The link operation adds an edge between two vertices u and v belonging to different trees in the forest, effectively merging the trees by making v a child of u. To perform the link, the Euler tour of v's tree is concatenated to the tour of u's tree at the attachment point following u's first visit in its tour; this is accomplished by splitting u's BST immediately after the node representing u's first occurrence and then concatenating v's BST between the split segments using two merge operations. Access to the roots is facilitated by following parent pointers or splaying relevant nodes, with the entire process taking O(\log n) amortized time due to the splay tree's self-adjusting properties.[22]
The cut operation removes the edge connecting a vertex u to its parent, splitting the tree into two separate components: one containing the subtree rooted at u and the other consisting of the remaining portion of the original tree. This is executed by splitting u's BST at the interval corresponding to u's subtree, specifically before the first and after the last occurrence of u in the tour, which separates the subtree's tour segment from the rest; the two resulting BST segments are then maintained as independent trees. The operation also updates parent pointers accordingly and runs in O(\log n) amortized time.[13]

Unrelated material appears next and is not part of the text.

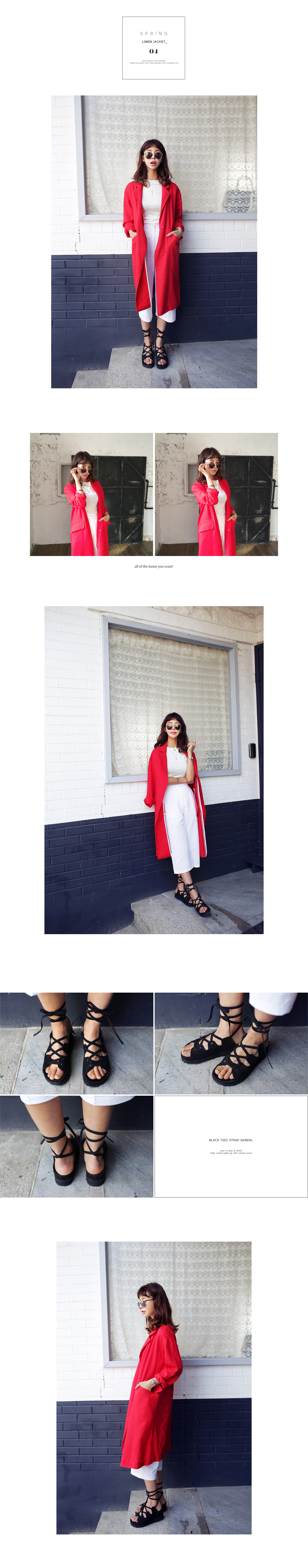 <font color=red><b>●●雑誌JESSICA by Bramo vol.1掲載●●</b></font>レースアップブラックサンダル・全1色 | DHOLIC | 詳細画像2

Queries in Euler tour trees exploit the contiguous representation of subtrees and paths within the BST. For subtree aggregates, such as the sum of values in the subtree rooted at u, a range query is performed on the BST over the interval [e, x], where e and x denote the entry and exit times of u in the tour; the BST is augmented to store partial aggregates in internal nodes for efficient computation in O(\log n) time. The lowest common ancestor (LCA) of two nodes u and v can be found in O(\log n) time by performing a range minimum query on the depths over the interval in the tour between the first occurrences of u and v, after splitting the BST to isolate that range; the position with the minimum depth corresponds to the LCA.[13] While basic ETTs excel at subtree operations, efficient path queries often leverage extensions like link-cut trees, which use splay trees to represent paths directly. Path aggregates, such as sums along the path from u to v, can be computed using the LCA and aggregates from the root to u and v, assuming root-path queries are supported via similar range techniques or rerooting, in O(\log n) time.[13]
Maintenance of the structure following link and cut operations involves implicitly updating entry and exit times through the BST keys, which represent positions in the tour and adjust dynamically during splits and merges without explicit recomputation. Rerooting a tree at a new vertex r is achieved by splaying r to the root of its auxiliary splay tree and reversing the tour direction if necessary to reflect the new orientation, preserving the validity of subtree intervals in O(\log n) amortized time. All core operations—link, cut, and queries—achieve O(\log n) amortized time complexity, enabling applications in dynamic graph connectivity and minimum spanning tree maintenance.[22]
As an illustrative example, consider linking two single-node trees, each represented by a singleton Euler tour consisting of just the node itself. The link operation splits the tour of one node (trivially) and concatenates the other's tour, resulting in a combined tour such as u, v, u for the new tree with edge u-v, where the BST now holds this sequence and supports subsequent queries on the merged structure.